- Country: Pakistan
- Region: Khyber-Pakhtunkhwa
- District: Mansehra District
- Time zone: UTC+5 (PST)

= Matehal =

Matehal is a village in the Khyber Pakhtunkhwa province of Pakistan. Matehal is situated in a valley located at the boundary area of the Mansehra district and the Abbottabad district, west from the Karakurram highway at approximately 3 km west of the Qalanderabad, a city well-known in the world by its local dish Known as Chapli Kabab. It is a village of Union Council Behali and village Council Rehar. Awans, Qureshis, tanolis are the major tribes of Matehal. This valley is surrounded by the mountains from all sides.

==Etymology==
Matehal is named after a Hindu named Mati who first came to this village before the arrival of the muslim tribes. The Hindus were in the majority at this time but later on muslim population grew and hindus migrated to India during partition leaving Matehal 100% Sunni Muslim.

==History==
Matehal was a multi-cultural village because of the Hindus and Muslims.

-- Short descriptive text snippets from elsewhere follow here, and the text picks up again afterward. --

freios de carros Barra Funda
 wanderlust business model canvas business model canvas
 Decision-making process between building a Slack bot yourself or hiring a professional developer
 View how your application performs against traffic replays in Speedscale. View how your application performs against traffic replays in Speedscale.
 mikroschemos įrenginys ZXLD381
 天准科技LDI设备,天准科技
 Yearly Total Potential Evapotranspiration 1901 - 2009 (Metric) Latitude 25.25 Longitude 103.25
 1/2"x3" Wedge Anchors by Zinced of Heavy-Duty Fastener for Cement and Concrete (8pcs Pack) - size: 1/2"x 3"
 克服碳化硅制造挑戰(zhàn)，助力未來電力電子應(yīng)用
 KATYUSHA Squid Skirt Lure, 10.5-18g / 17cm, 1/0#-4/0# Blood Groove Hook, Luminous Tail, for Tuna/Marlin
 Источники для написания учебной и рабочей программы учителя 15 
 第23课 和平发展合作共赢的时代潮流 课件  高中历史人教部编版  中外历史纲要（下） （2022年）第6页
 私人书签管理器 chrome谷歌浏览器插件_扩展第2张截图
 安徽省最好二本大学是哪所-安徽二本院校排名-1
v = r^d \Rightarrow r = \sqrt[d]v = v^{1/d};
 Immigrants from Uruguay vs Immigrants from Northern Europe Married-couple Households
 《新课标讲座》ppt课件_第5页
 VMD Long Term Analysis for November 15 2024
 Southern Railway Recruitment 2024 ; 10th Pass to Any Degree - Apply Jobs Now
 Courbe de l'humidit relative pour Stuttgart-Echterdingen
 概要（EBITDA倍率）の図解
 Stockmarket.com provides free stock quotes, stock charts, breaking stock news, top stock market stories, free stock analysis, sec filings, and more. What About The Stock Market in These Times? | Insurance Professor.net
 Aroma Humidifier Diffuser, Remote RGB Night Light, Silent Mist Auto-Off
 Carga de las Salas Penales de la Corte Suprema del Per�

All the trade was under the custody of Hindus. The muslim population worked in agriculture and also in the Indian Army. Some of the brave soldiers from Matehal assisted the war effort in WWI. In 1947, Pakistan came into existence forcing Hindus to migrate to India.

==Education==
Matehal has four primary and two middle government schools, serving as source of education for the local villagers who eagerly quench their thirst for education. Moreover, there is one private primary school in the village. As far as high school or college is concerned, there are no opportunities available. Students must travel to Behali or Qalanderabad for secondary education. School in Behali was established by Turks in 1872 which was first ever school in Mansehra district.